NOW & THEN
21 JUNE
1675: Work began on the rebuilding of St Paul’s Cathedral, burned in the Great Fire of London in 1666. Money for the rebuilding was raised by a coal tax.
1796: Explorer Mungo Park reached the River Niger.
1813: The Battle of Vittoria, Wellington’s decisive victory over the French in the Peninsular War.
1843: The Royal College of Surgeons was founded in London.
1854: The first Victoria Cross was won by a 20-year-old Irishman, Charles Lucas.
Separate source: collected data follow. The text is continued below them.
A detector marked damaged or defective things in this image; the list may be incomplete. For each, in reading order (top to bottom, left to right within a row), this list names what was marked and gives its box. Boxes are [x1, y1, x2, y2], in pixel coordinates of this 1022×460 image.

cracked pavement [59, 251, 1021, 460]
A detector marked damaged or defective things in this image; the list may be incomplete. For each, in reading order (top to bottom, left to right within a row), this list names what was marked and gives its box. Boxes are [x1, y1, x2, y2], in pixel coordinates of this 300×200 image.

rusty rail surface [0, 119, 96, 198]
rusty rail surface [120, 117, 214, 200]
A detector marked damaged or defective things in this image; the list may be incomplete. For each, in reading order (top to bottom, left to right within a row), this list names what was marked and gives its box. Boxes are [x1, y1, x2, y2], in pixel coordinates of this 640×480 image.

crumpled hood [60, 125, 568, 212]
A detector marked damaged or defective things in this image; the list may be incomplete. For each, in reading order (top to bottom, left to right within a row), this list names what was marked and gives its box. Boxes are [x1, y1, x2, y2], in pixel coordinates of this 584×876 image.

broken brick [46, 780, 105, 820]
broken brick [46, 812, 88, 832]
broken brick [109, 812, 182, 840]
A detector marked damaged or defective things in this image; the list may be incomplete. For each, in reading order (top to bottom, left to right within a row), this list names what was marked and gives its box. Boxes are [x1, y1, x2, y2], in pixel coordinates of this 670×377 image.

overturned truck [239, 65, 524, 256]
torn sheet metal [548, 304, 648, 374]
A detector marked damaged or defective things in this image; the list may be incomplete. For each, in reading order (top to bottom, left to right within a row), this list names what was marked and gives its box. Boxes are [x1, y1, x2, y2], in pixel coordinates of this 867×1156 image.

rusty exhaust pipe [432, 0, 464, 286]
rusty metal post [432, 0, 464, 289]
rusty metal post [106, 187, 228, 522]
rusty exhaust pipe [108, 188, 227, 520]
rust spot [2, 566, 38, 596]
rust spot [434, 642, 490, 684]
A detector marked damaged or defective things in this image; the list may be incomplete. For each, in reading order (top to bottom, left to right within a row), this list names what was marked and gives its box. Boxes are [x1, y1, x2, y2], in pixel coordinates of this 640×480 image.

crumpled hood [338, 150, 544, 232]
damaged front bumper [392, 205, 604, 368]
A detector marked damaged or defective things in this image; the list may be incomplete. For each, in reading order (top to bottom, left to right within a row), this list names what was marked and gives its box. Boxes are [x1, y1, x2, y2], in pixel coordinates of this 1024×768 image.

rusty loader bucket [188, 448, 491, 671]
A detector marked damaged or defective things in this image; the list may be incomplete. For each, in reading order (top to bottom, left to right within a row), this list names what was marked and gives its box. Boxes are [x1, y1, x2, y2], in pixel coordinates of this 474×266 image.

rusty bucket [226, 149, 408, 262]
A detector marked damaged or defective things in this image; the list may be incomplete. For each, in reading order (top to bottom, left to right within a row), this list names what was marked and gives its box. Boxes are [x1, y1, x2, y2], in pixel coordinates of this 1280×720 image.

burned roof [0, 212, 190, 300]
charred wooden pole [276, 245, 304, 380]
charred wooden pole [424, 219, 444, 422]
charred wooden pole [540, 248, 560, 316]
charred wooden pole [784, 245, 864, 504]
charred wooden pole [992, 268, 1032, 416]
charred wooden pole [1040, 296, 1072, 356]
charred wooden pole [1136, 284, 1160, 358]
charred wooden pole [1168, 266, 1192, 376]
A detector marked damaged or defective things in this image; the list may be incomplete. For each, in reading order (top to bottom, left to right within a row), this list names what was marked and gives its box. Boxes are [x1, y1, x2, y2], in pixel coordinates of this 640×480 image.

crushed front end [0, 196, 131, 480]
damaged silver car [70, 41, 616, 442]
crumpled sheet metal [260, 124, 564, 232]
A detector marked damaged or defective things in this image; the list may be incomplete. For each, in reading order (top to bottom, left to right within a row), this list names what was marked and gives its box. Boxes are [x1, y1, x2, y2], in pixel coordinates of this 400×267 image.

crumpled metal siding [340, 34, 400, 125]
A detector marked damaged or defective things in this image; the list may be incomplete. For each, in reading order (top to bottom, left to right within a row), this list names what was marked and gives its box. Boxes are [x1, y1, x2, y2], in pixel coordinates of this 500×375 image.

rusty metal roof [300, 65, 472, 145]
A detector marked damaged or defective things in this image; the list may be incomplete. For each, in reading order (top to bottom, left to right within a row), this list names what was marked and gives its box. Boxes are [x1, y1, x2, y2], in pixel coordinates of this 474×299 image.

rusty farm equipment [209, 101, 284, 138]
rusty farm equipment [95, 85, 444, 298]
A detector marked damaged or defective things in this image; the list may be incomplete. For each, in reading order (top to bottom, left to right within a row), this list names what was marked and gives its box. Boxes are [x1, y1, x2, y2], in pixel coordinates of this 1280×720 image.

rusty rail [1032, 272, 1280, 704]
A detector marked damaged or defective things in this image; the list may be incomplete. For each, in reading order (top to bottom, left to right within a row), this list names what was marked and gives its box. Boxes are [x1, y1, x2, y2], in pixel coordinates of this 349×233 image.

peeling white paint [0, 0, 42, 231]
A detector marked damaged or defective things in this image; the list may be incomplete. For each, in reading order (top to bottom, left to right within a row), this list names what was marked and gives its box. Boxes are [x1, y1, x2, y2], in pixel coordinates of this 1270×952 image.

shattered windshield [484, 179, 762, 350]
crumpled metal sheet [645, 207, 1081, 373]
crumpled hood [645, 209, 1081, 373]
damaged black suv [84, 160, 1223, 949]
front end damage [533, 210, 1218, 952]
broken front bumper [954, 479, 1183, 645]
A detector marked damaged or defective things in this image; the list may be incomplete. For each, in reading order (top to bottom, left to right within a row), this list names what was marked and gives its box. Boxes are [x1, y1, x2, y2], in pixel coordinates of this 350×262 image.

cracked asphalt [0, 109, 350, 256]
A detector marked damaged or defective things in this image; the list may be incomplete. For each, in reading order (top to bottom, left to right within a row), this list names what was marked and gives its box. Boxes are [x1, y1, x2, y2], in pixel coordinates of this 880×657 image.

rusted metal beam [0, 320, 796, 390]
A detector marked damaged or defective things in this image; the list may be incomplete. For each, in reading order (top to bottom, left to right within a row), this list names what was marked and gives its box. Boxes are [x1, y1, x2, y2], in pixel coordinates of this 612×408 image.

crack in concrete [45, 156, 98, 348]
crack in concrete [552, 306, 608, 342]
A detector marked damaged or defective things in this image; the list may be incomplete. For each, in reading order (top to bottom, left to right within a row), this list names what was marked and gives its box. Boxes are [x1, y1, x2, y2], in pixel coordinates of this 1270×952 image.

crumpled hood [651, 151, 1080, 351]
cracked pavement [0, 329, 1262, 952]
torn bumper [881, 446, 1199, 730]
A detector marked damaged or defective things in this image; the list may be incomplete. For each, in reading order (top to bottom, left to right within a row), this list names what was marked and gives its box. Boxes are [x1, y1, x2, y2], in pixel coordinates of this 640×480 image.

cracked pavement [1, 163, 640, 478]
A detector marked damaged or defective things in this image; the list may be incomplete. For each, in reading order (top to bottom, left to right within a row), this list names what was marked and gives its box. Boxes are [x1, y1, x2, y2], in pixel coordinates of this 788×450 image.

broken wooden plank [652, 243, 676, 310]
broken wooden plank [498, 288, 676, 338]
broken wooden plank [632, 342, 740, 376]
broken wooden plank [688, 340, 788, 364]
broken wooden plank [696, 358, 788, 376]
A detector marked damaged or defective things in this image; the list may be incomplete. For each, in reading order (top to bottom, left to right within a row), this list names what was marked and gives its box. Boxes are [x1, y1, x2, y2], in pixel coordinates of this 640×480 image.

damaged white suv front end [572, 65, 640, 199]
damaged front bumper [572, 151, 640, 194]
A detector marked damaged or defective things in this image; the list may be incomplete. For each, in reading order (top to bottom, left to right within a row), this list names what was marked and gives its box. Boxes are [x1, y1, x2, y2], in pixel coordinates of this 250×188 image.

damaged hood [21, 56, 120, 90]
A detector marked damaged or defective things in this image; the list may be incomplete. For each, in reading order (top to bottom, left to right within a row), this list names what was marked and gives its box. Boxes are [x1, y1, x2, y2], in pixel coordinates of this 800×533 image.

He picked up an unexploded bomb aboard HMS Hecla at Bomarsund in the Baltic and threw it over the side.
1887: Britain annexed Zululand, blocking Transvaal’s attempts to gain access to the coast.
1919: Seventy-two warships of the German fleet were scuttled in Scapa Flow, Orkney.
1929: Premiere of Alfred Hitchcock’s film, Blackmail, at the Regal Cinema, Marble Arch, London, the first full-length talking feature film in Britain.
1937: Lawn tennis at Wimbledon was televised for the first time.
1942: Tobruk fell to German forces with the capture of 25,000 Allied troops.
1948: The first successfully produced microgroove (long playing) records were unveiled by Doctor Peter Goldmark of Columbia Records.
1970: Brazil beat Italy in Mexico City to become football’s world champions and win the Jules Rimet Trophy for a record third time.
1970: Tony Jacklin became the first Briton since Ted Ray in 1920 to win the US Open golf championship, at Chaska, Minnesota.
1982: John Hinckley was acquitted of the attempted murder of president Ronald Reagan on grounds of insanity.
1988: In New York, a pair of crimson shoes worn by Judy Garland in The Wizard of Oz fetched $165,000 (£97,000) at auction.
1990: Prime minister Margaret Thatcher dismissed plans for Britain joining European exchange rate system.
1994: Singer George Michael lost an English High Court battle to break free from a long-term recording contract with Sony Records.
2000: Section 28 (outlawing the ‘promotion’ of homosexuality in the United Kingdom) was repealed in Scotland with a 99 to 17 vote.
2003: The home secretary
called for an urgent report into how Aaron Barschak, a Fringe comedian, gatecrashed Prince William’s 21st birthday party at Windsor Castle.
2006: Pluto’s newly-discovered moons were officially named “Nix” and “Hydra”.
2010: Britain’s military death toll in Afghanistan reached 300.
2012: The first strike by doctors in the UK for almost 40 years took place.
2012: The credit ratings agency Moody’s downgraded 15 banks and financial institutions. UK banks downgraded included RBS, Barclays and HSBC.
2015: The world’s largest and smelliest flower, the Amorphophallus Titanum, which generally takes seven to ten years to bloom, came into flower at Edinburgh’s Royal Botanical Garden, reaching a final measurement of 267 centimetres.